Uma semana depois, estavam os dois no aeroporto para iniciar a viagem dos sonhos de Helena.  Ansiosa, procurava esconder o nervosismo ao entrar no avião.  Logo ao se sentar no lugar, que lhes foi reservado, engoliu o comprimido para diminuir o temor.

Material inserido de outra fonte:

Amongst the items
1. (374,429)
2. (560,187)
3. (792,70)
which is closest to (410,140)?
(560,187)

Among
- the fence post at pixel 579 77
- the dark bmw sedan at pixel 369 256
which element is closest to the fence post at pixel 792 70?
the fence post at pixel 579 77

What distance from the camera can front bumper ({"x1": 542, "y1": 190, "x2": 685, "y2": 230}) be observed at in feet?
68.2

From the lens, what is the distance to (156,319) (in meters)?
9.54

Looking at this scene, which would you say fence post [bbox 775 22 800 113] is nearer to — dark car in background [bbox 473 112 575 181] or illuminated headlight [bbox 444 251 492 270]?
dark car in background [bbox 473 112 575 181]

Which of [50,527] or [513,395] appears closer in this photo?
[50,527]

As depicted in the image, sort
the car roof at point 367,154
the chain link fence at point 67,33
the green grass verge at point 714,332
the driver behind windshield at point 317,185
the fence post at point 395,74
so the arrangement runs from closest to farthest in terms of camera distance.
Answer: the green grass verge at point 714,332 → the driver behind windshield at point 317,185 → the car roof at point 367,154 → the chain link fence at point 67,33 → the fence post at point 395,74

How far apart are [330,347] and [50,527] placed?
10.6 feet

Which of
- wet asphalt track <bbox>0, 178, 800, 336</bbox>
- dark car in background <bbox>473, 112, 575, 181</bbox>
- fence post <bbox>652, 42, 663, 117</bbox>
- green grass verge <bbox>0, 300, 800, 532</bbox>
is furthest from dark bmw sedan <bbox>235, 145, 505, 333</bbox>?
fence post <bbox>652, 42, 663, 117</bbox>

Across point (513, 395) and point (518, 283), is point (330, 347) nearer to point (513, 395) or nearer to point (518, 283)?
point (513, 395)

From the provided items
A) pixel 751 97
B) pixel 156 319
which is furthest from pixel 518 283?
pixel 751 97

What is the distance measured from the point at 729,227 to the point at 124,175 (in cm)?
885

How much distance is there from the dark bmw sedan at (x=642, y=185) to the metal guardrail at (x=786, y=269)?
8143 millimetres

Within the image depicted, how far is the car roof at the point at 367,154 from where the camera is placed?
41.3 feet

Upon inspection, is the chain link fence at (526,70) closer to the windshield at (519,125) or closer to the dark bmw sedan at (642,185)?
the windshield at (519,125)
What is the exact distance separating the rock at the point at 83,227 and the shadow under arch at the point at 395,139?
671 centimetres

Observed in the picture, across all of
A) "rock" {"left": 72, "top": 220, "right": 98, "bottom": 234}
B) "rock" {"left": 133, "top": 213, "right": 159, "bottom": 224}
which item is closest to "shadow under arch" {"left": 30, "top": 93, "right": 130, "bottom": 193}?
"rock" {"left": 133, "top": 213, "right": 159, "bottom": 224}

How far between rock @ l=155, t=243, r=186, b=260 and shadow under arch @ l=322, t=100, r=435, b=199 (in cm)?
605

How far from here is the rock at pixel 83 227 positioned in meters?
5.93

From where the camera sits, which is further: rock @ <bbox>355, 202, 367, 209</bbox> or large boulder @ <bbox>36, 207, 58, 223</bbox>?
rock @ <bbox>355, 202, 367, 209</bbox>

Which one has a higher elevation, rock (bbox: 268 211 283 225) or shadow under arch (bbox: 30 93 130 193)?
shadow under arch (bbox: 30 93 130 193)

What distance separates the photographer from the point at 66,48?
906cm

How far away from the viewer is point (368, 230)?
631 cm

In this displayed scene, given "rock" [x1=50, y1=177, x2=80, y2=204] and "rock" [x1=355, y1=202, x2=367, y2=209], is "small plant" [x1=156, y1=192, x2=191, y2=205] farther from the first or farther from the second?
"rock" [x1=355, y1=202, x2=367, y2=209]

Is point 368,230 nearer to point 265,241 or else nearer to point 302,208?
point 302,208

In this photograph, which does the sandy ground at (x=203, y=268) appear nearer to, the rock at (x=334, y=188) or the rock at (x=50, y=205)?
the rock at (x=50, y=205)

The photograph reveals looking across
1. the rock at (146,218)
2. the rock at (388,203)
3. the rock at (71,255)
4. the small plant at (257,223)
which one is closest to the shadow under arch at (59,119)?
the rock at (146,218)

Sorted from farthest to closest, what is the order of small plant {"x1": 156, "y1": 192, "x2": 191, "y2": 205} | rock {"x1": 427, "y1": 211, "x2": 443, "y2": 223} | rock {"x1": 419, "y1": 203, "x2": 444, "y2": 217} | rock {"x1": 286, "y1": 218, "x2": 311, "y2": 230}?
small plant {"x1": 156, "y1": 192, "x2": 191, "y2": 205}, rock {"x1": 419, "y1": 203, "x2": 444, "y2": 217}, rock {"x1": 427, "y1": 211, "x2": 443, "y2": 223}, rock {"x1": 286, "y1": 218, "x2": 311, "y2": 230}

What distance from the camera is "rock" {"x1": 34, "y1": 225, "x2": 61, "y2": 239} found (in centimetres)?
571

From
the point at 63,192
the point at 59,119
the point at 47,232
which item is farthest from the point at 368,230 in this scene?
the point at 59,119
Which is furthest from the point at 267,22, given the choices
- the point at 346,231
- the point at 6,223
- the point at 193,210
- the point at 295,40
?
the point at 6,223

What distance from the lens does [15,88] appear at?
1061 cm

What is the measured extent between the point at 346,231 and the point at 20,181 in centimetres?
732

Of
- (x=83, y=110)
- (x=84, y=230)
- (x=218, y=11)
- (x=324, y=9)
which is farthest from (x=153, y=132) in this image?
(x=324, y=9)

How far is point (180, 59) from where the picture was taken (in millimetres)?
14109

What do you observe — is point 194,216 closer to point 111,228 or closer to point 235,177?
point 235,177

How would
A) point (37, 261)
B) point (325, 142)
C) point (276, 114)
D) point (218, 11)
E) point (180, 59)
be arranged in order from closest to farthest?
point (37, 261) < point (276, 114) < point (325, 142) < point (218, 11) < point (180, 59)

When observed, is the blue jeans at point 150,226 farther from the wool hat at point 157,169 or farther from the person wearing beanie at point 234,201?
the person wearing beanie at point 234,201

A grande aeronave decolou suavemente e ganhou altura em um céu sem nuvens.  Era uma bonita noite de outono.  Poucas horas depois, o jantar foi servido e Helena distraiu-se em ver o que iria comer.  Após terem jantado, Xavier lhe disse:

— Vou tirar um cochilo.  Quando a aeromoça recolher as bandejas, peça a conta, por favor, e fechando os olhos, virou a cabeça para o lado com um sorriso zombeteiro.

Depois de alguns minutos, a comissária veio retirar as bandejas e Helena educadamente lhe pediu:

— Pode me dar a conta, por favor.

— Como senhora?

— A conta do jantar.

A moça arregalou os olhos e disfarçando o constrangimento respondeu:

— Não há conta a pagar.  O jantar está incluso na passagem.

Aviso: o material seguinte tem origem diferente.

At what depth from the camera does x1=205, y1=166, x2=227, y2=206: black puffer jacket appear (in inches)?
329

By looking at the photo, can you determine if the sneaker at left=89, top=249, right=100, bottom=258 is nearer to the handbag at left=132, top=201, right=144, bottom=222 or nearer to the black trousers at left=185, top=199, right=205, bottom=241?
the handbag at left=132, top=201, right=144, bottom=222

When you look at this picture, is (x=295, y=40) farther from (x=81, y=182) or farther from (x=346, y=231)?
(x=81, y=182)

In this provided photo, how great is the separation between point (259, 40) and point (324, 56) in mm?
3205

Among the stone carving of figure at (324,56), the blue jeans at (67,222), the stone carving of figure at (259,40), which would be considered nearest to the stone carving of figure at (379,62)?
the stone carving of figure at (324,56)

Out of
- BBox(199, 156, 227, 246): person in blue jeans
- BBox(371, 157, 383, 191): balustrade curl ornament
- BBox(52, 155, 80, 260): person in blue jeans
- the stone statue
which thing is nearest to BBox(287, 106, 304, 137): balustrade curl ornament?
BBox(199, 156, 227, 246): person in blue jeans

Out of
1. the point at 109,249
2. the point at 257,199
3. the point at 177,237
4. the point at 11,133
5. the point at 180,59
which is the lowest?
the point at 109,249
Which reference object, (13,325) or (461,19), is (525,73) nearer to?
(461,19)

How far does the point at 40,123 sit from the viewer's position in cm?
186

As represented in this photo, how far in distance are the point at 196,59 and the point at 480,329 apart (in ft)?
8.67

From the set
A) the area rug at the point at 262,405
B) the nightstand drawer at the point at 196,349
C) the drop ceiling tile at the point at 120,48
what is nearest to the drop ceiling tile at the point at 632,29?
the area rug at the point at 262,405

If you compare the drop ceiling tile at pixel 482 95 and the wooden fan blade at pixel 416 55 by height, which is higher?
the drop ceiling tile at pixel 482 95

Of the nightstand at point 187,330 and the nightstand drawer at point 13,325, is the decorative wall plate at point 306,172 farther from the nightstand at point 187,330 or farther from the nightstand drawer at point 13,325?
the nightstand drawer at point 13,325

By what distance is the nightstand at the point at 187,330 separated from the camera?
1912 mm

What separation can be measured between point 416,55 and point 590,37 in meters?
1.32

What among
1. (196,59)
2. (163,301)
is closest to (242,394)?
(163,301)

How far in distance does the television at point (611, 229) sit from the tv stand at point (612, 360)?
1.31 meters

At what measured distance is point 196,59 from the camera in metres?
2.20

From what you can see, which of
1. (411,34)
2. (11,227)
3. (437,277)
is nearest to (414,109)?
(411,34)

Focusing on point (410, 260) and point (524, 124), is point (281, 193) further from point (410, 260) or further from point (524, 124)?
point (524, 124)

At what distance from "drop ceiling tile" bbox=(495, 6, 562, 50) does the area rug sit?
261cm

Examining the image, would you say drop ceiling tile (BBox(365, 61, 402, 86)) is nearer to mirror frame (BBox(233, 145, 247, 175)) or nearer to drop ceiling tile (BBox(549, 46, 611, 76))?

Sem graça, Helena pediu-lhe desculpas e, quando a jovem se afastou, deu um safanão em Xavier.

— Como você me fez uma coisa dessas?  Não gostei nem um pouco dessa brincadeira.

E ele rindo, exclamou:

— É muito divertido, que até hoje você caia em minhas armadilhas.

Helena recordou-se, então, do dia em que ele a deixou em um restaurante e saiu para a rua só para vê-la toda atrapalhada sem saber como iria pagar a conta, e de tantas outras em que sempre procurou aceitar com bom humor. No entanto, ultimamente, começou a cansar-se do humor negro do marido. Zangada, ligou a tela à frente para não discutir com ele.

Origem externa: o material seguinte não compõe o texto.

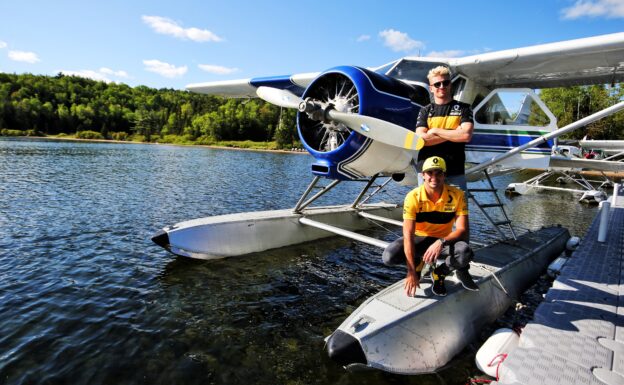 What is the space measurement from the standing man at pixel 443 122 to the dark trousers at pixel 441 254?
1193 mm

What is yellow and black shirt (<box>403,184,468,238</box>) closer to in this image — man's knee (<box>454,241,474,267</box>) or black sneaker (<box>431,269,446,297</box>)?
man's knee (<box>454,241,474,267</box>)

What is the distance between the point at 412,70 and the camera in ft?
19.6

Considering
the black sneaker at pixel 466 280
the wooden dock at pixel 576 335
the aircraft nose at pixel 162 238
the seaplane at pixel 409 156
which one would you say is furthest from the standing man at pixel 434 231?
the aircraft nose at pixel 162 238

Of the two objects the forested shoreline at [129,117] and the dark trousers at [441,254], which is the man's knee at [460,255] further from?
the forested shoreline at [129,117]

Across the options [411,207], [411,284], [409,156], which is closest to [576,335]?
[411,284]

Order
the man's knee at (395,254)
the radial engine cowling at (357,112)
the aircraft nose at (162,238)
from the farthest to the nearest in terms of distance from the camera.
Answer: the aircraft nose at (162,238)
the radial engine cowling at (357,112)
the man's knee at (395,254)

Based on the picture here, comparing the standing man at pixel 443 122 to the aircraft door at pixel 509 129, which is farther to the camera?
the aircraft door at pixel 509 129

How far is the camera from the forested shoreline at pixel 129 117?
93438 millimetres

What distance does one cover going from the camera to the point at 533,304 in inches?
224

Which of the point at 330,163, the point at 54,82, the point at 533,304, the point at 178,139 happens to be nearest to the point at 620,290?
the point at 533,304

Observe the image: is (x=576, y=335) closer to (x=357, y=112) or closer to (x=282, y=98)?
(x=357, y=112)

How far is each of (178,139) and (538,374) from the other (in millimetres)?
98336

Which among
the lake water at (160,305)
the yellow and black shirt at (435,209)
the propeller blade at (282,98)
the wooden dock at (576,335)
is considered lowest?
the lake water at (160,305)

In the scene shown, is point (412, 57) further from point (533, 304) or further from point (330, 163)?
point (533, 304) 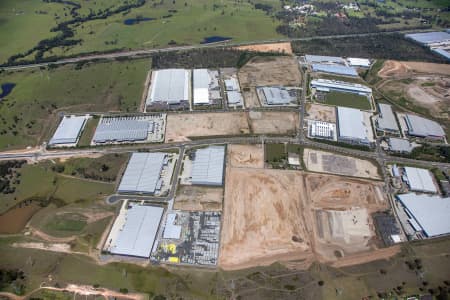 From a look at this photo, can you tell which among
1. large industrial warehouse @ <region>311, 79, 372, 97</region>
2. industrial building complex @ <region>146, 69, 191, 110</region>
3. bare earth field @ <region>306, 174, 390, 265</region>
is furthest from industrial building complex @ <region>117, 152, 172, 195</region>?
large industrial warehouse @ <region>311, 79, 372, 97</region>

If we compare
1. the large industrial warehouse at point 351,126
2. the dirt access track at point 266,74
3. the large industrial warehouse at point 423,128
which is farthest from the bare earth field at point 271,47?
the large industrial warehouse at point 423,128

Mais tarde, as luzes do avião foram apagadas e os passageiros ajeitaram-se como podiam para dormir.  Helena logo adormeceu embalada pelo comprimido. 

O grande pássaro começou a sobrevoar o vasto oceano, negro e misterioso, àquela hora da noite.

De repente, Helena foi sacudida por Xavier.  Tonta de sono, olhou a expressão de medo do marido.

— Acorda e coloca o cinto!  O avião entrou em pane.  Estamos em uma emergência.

Realmente, uma forte turbulência sacudia o avião.  A mulher entrou em pânico.  O terror tomou a forma de uma grande garra, que apertava sua garganta e descontrolada começou a gritar.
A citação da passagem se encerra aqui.